**TASK DETAILS**
Retype the listing found below exactly, but leave out each picture.

**AVAILABLE DATA**
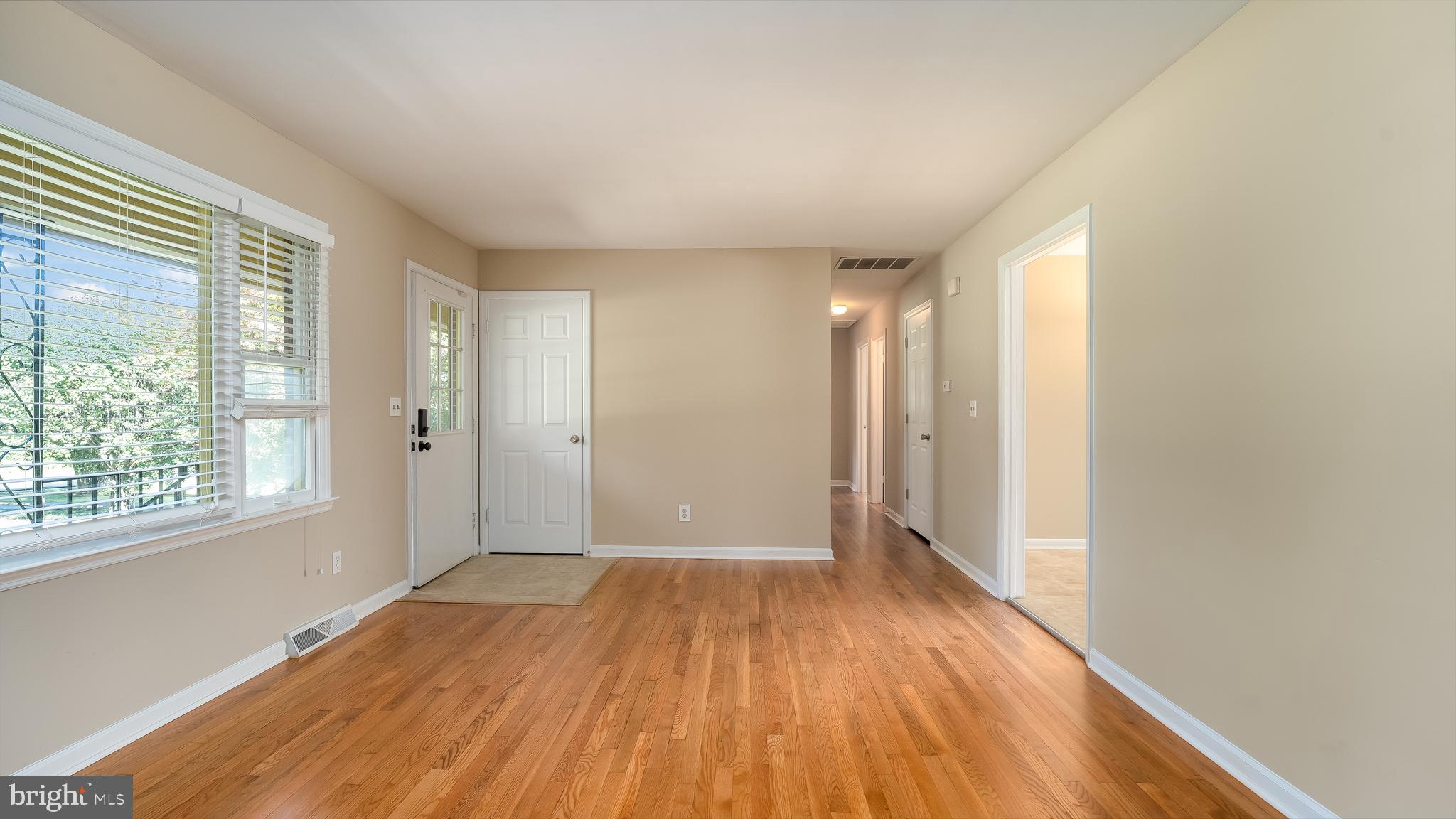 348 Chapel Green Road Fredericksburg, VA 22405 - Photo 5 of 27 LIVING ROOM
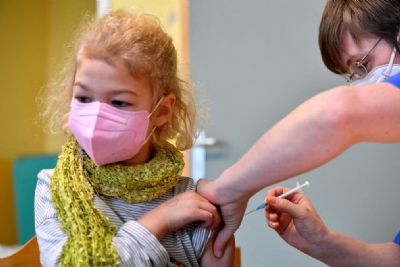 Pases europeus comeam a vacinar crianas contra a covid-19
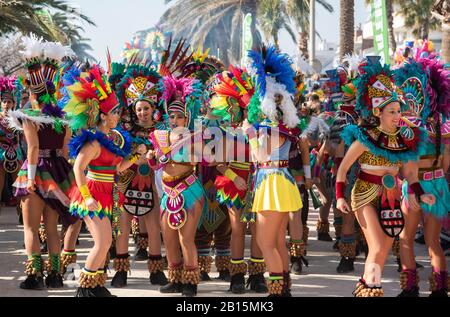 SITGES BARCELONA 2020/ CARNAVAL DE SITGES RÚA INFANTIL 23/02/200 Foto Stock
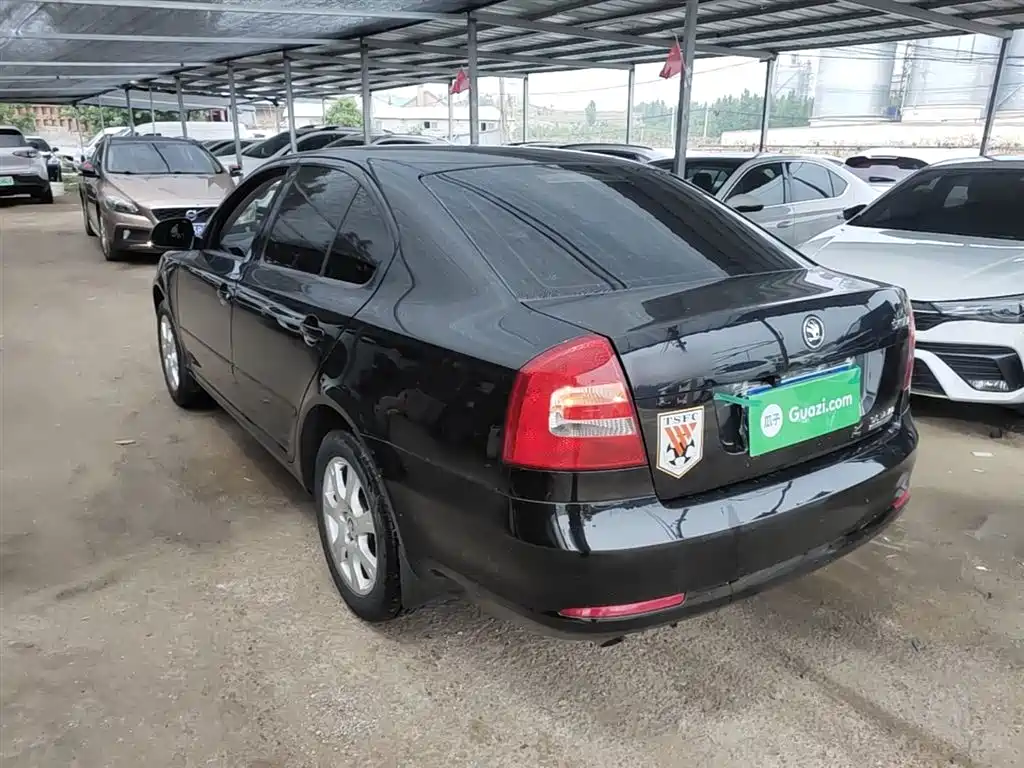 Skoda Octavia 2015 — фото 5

**ANSWER BELOW**
 348 Chapel Green Road Fredericksburg, VA 22405 - Photo 5 of 27 LIVING ROOM
 Pases europeus comeam a vacinar crianas contra a covid-19
 SITGES BARCELONA 2020/ CARNAVAL DE SITGES RÚA INFANTIL 23/02/200 Foto Stock
 Skoda Octavia 2015 — фото 5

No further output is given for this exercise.